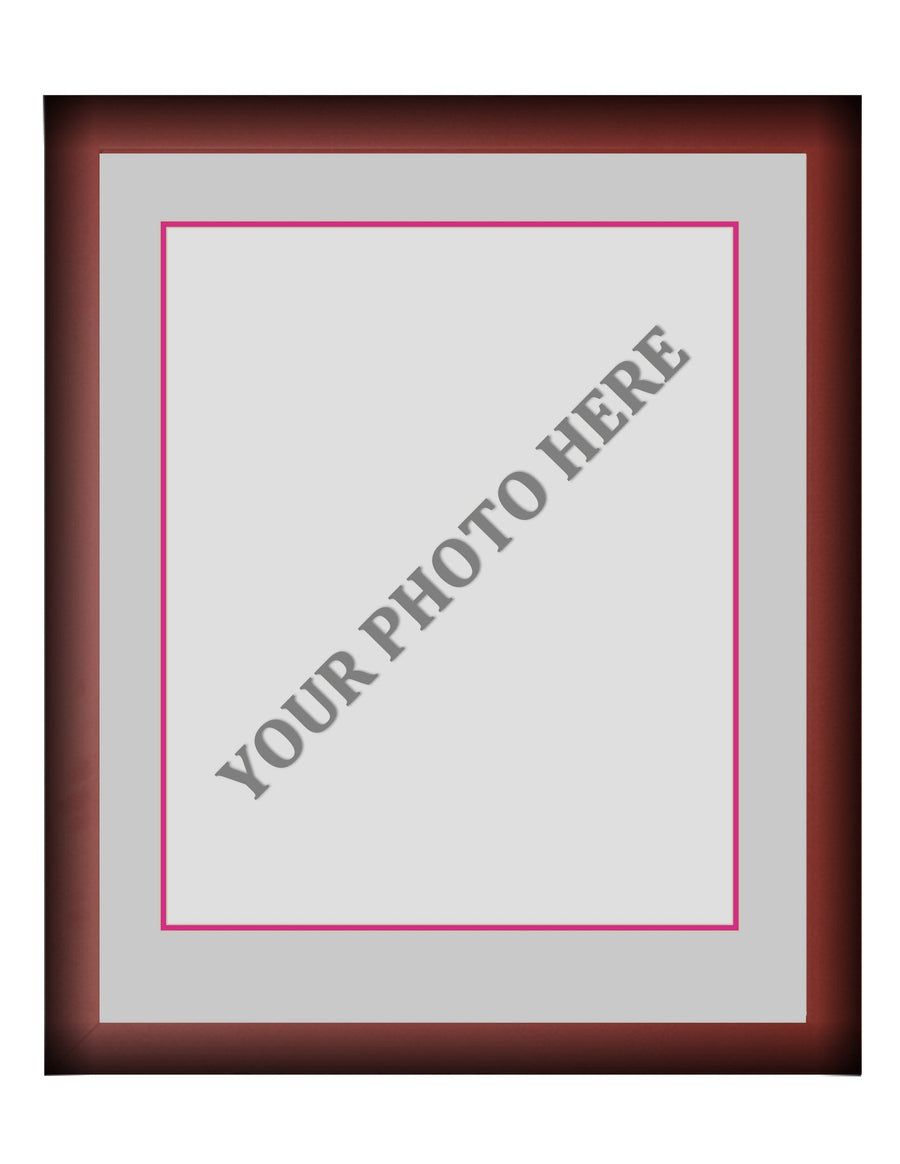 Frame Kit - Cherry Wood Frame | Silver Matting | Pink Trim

...

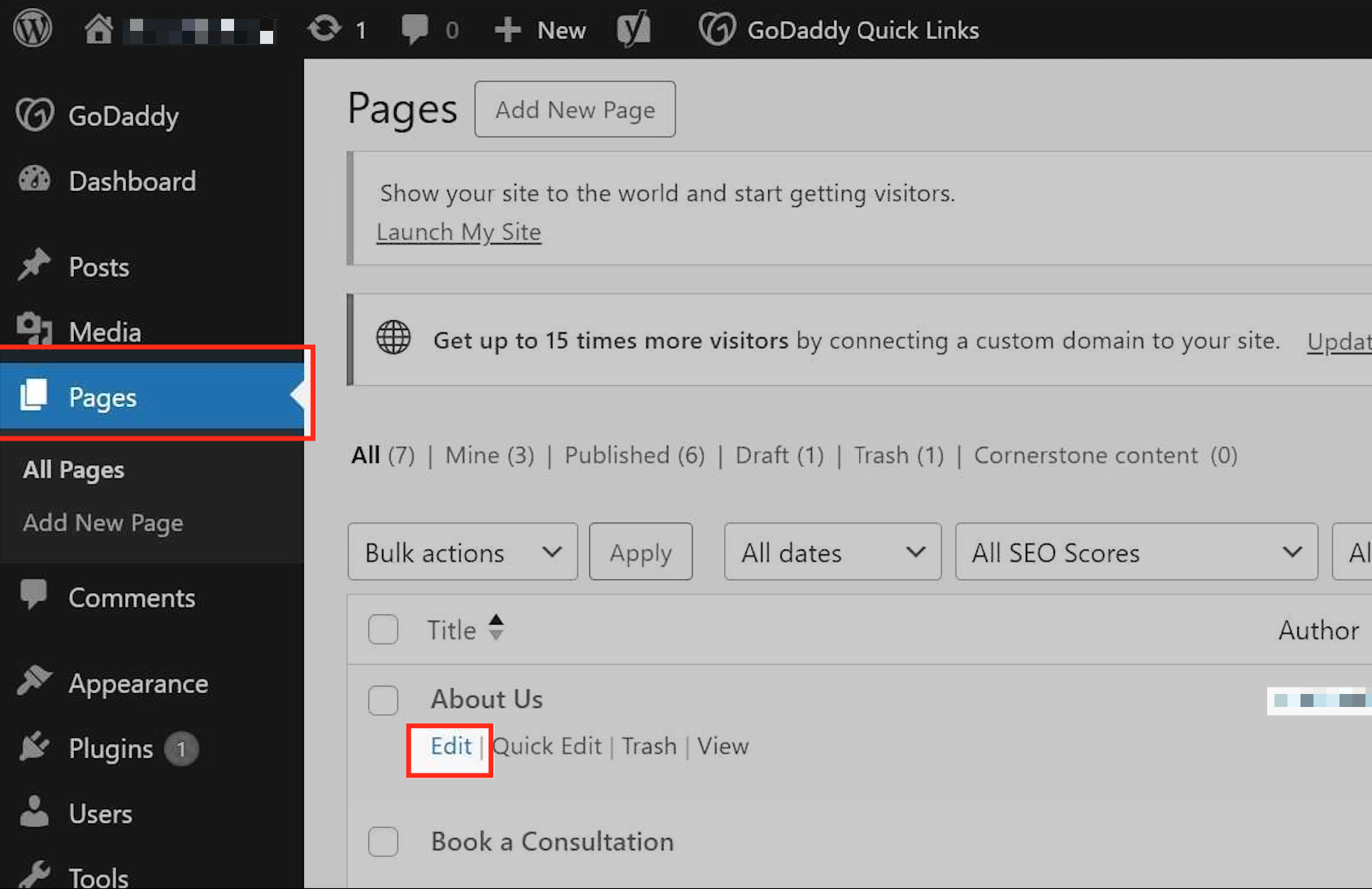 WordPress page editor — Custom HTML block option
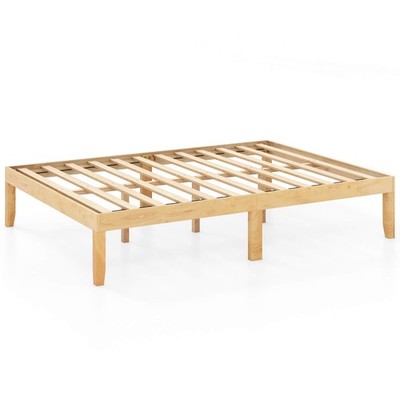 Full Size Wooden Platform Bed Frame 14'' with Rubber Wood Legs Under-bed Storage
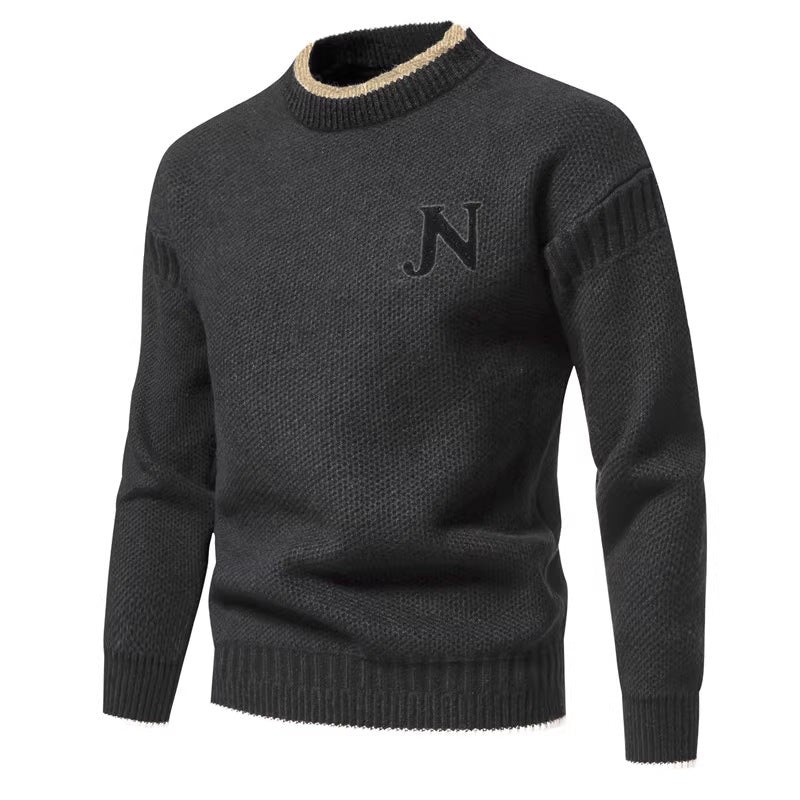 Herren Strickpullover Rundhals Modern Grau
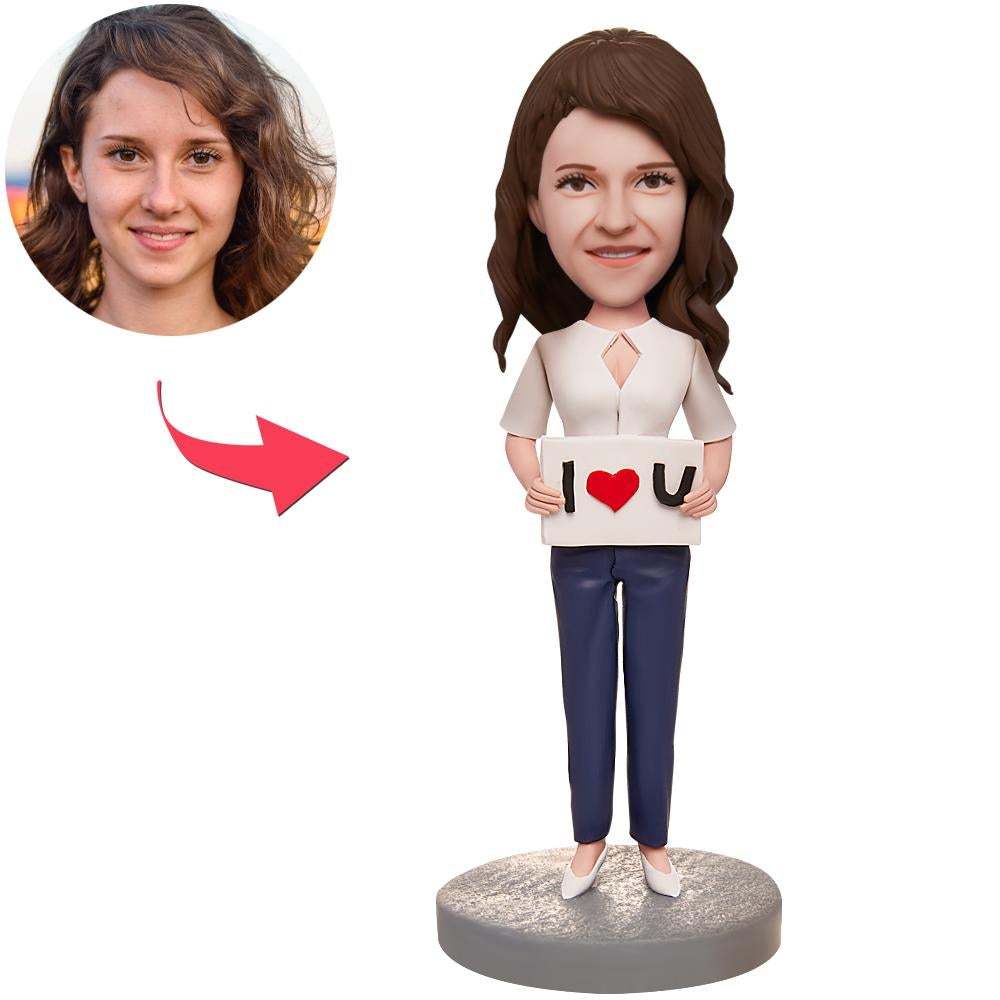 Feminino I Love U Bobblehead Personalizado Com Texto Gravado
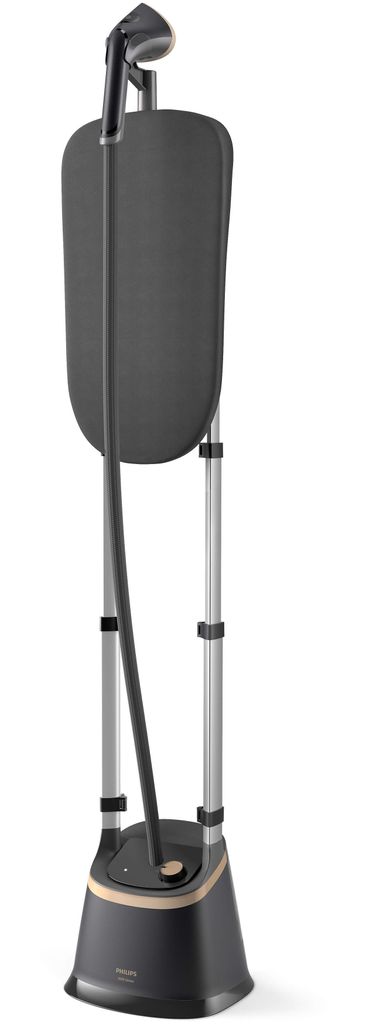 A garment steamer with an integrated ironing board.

* * *

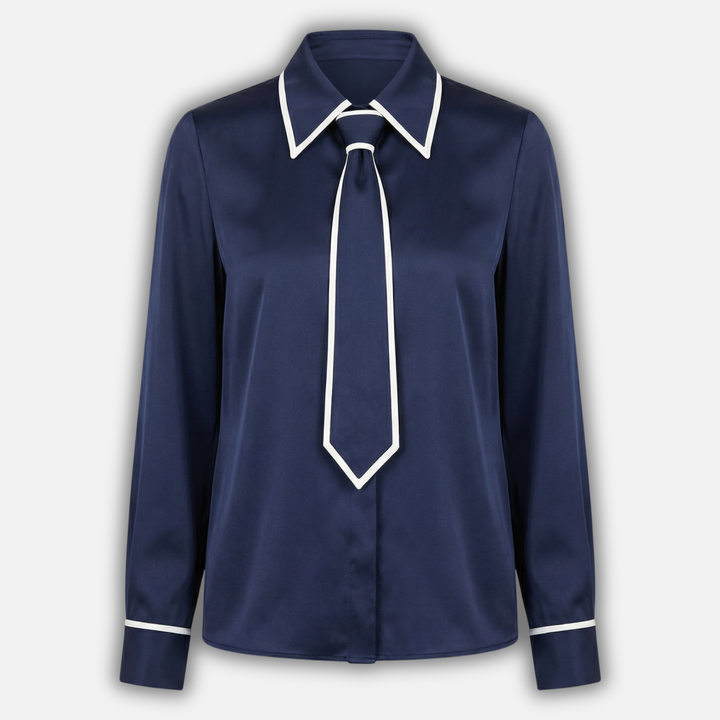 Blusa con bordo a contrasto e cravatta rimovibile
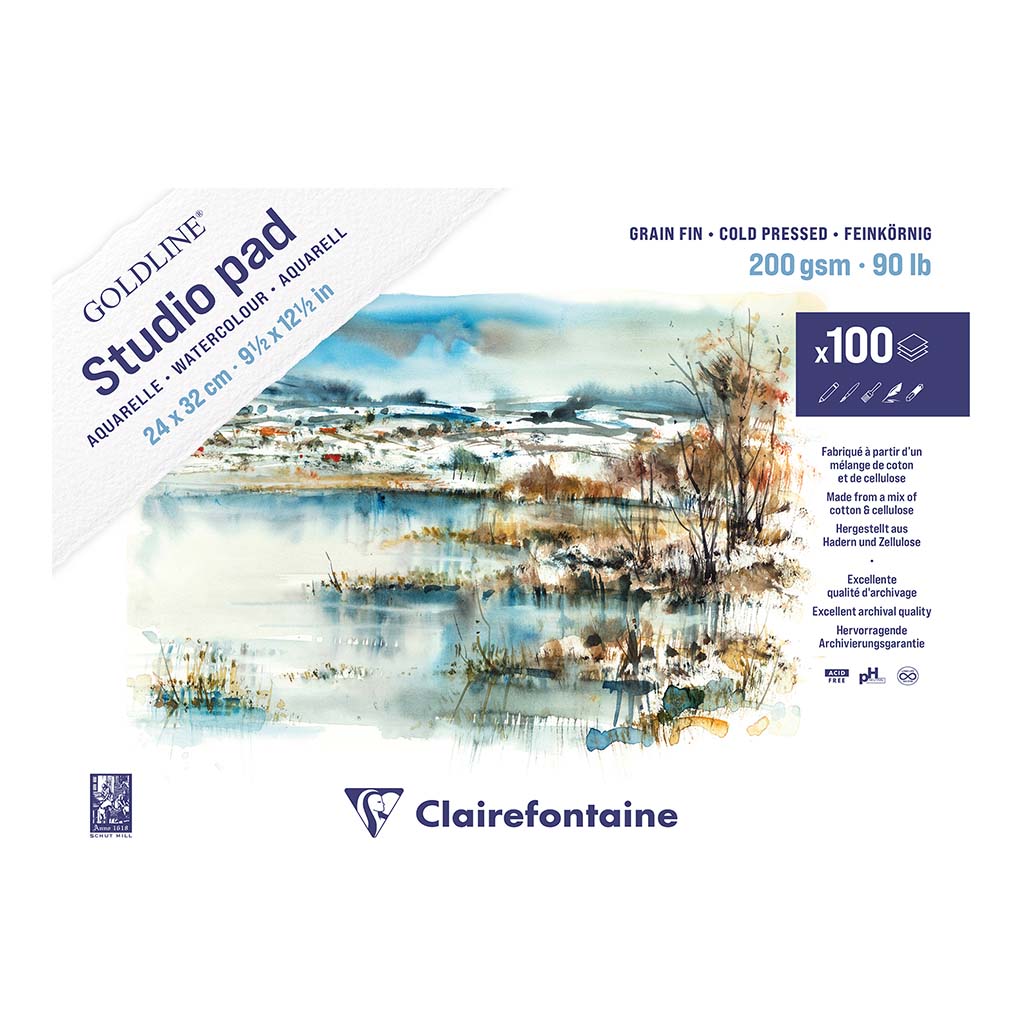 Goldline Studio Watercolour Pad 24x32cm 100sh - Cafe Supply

# [TASK GOAL]
Using the data above, give again exactly the lines starting at the one holding "WordPress page editor" and ending at the one holding "A garment steamer", inclusive, and nothing more. Omit the pictures.

# [TASK ANSWER]
 WordPress page editor — Custom HTML block option
 Full Size Wooden Platform Bed Frame 14'' with Rubber Wood Legs Under-bed Storage
 Herren Strickpullover Rundhals Modern Grau
 Feminino I Love U Bobblehead Personalizado Com Texto Gravado
 A garment steamer with an integrated ironing board.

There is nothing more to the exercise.